Meditation des Ökophilosophen Henryk Skolimowski
Bei dem Wort „Yoga“ fällt uns zuerst Indien ein, obwohl auch andere Kulturen ähnliche Rituale und Praktiken kennen, die den Einzelnen mit dem Göttlichen, Soma mit Psyche, das Wissen mit dem Sein verbinden. Alle Religionen, denen eine pulsierende Lebendigkeit innewohnt, lehren ein Yoga-System. Die Rituale verschiedener religiöser Richtungen möchten nicht nur den Menschen zum Göttlichen hinführen, sondern auch zur Verwirklichung des höchsten Potenzials in jedem einzelnen Individuum verhelfen. Dies ist auch die Aufgabe aller großen Yogas. Eine lebendige Religion lädt dich ein, täglich am Göttlichen teilzuhaben, mit ihm in Berührung zu sein. In einer Religion, die im Niedergang begriffen ist, sind religiöse Praktiken nichts als leere Rituale. Wenn eine Religion ausgehöhlt ist, suchen die Menschen unweigerlich anderswo nach Ersatz.
Die alten Griechen des goldenen Zeitalters kultivierten ihre eigene spezielle Form von Yoga, auch wenn sie es nicht so nannten. Sie begriffen ihren Körper als Gefäß eines innewohnenden Gottes.

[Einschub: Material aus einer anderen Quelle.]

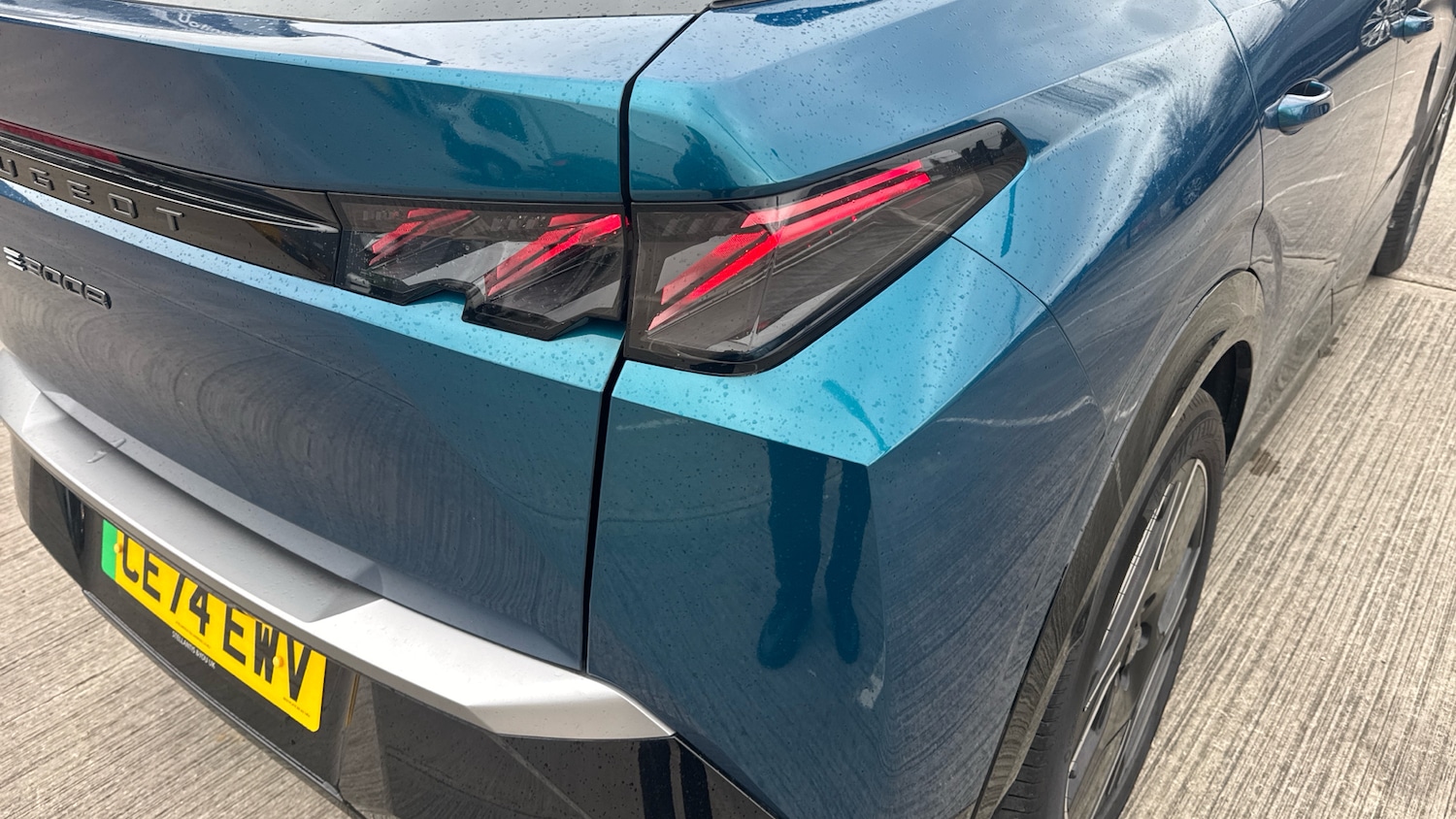 Used Peugeot 3008 2024 for sale - 77457175: Photo 43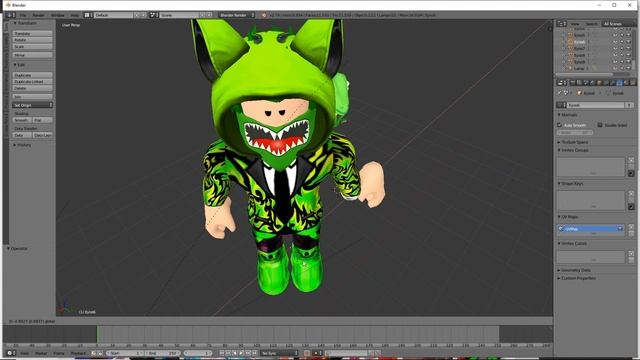 How to make Roblox GFX (2019) смотреть онлайн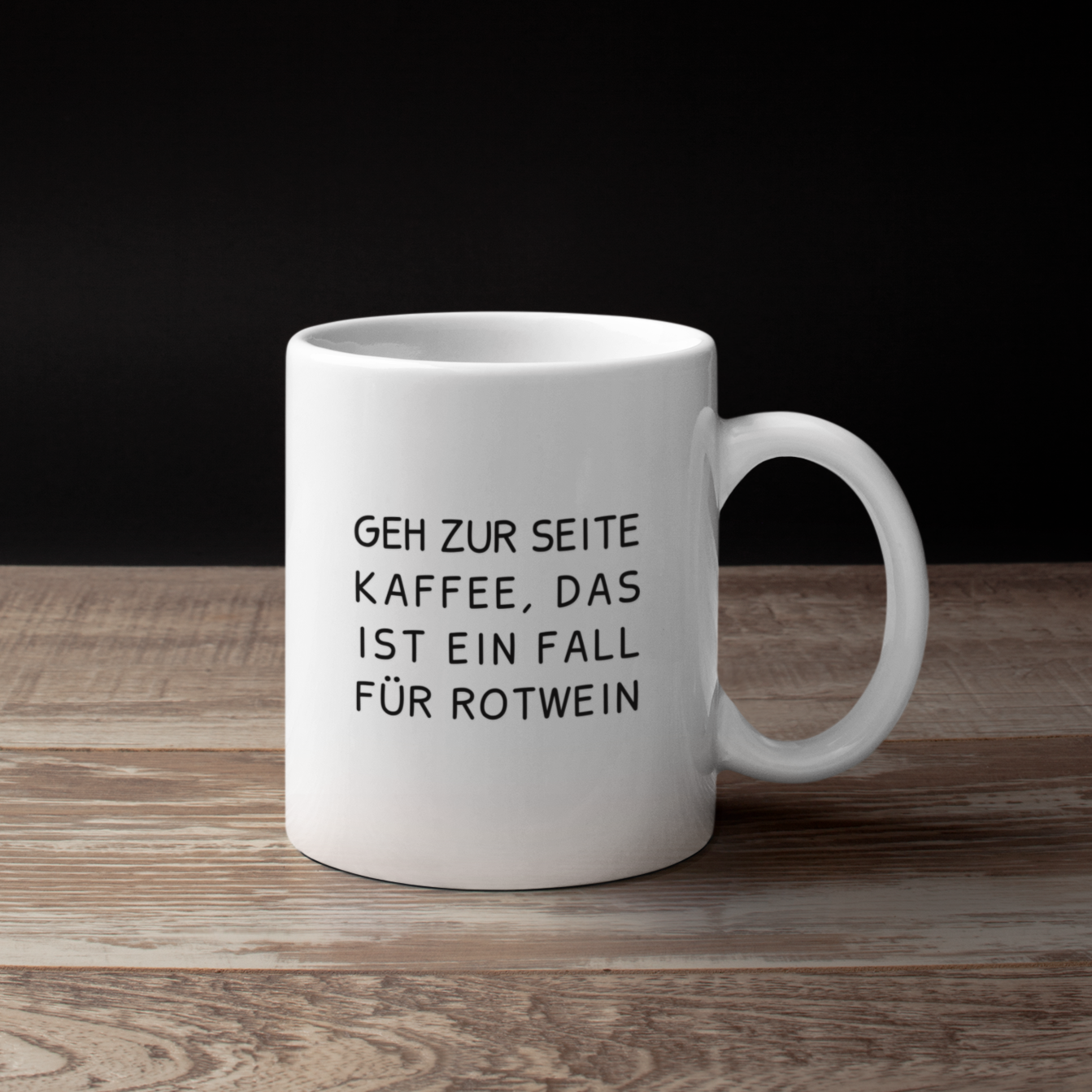 FALL FÜR ROTWEIN - Premium Shirt Damen - Weinspirits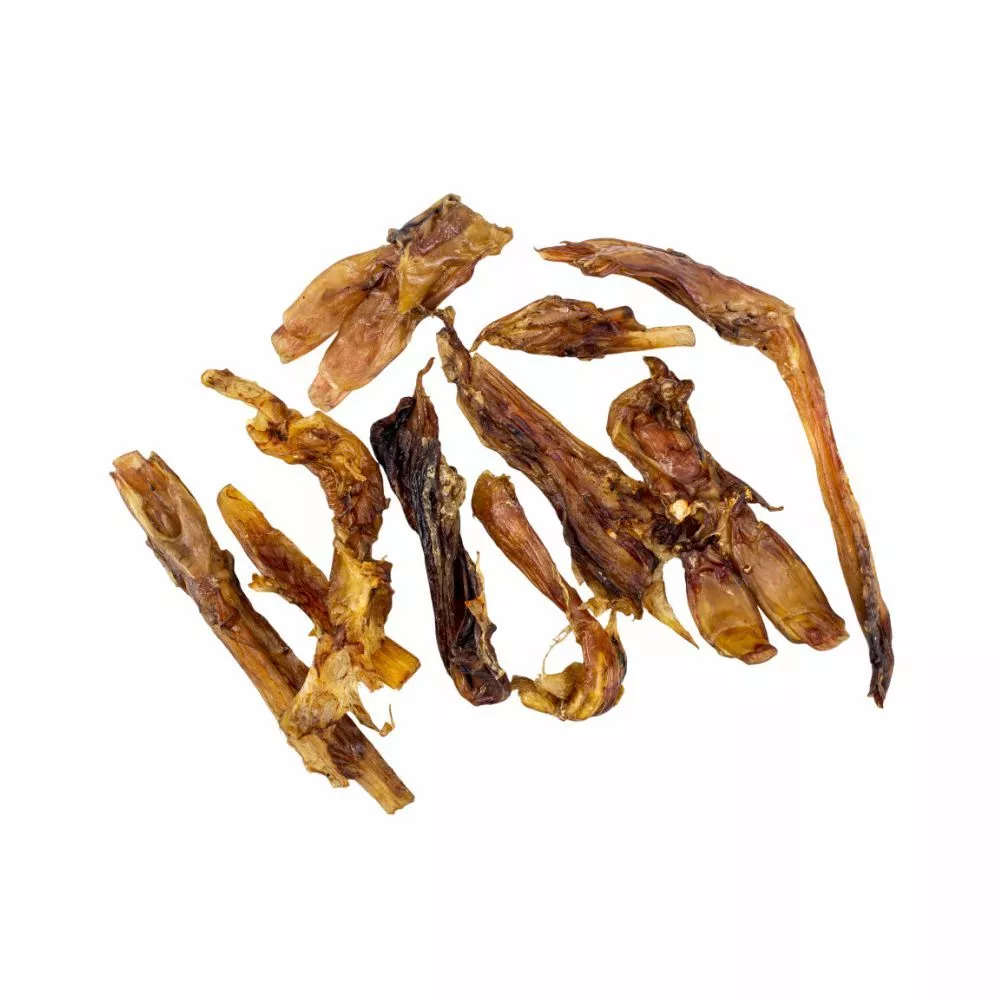 Mordedor Natural Tendão Bovino Opaparico - 100g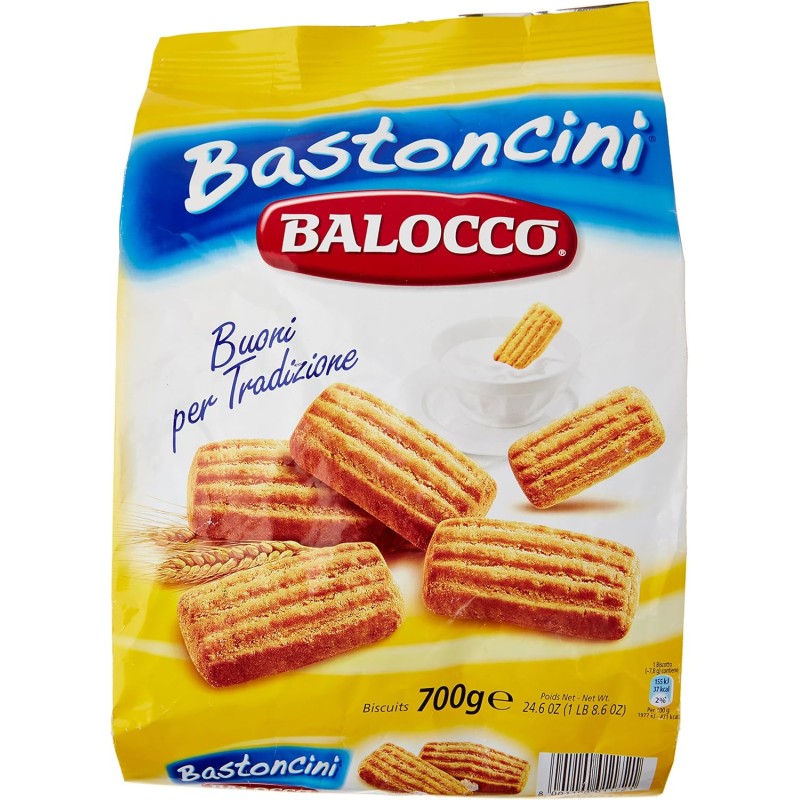 Balocco Bastoncini 700gr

Während sie ihre Körper ertüchtigten, wendeten sie sich der Poesie und feinsinnigen Diskursen zu, so dass sie physische mit der spirituellen Gesundheit vereinten. Wir praktizieren Yoga, um Gesundheit und Harmonie für unseren Körper zu erlangen, aber ebenso wichtig ist, dass durch das Yoga unser Geist Frieden findet. Wenn während deiner Yoga-Übungen dein Geist nicht in Frieden ist, werden sie nicht das bewirken, was möglich wäre.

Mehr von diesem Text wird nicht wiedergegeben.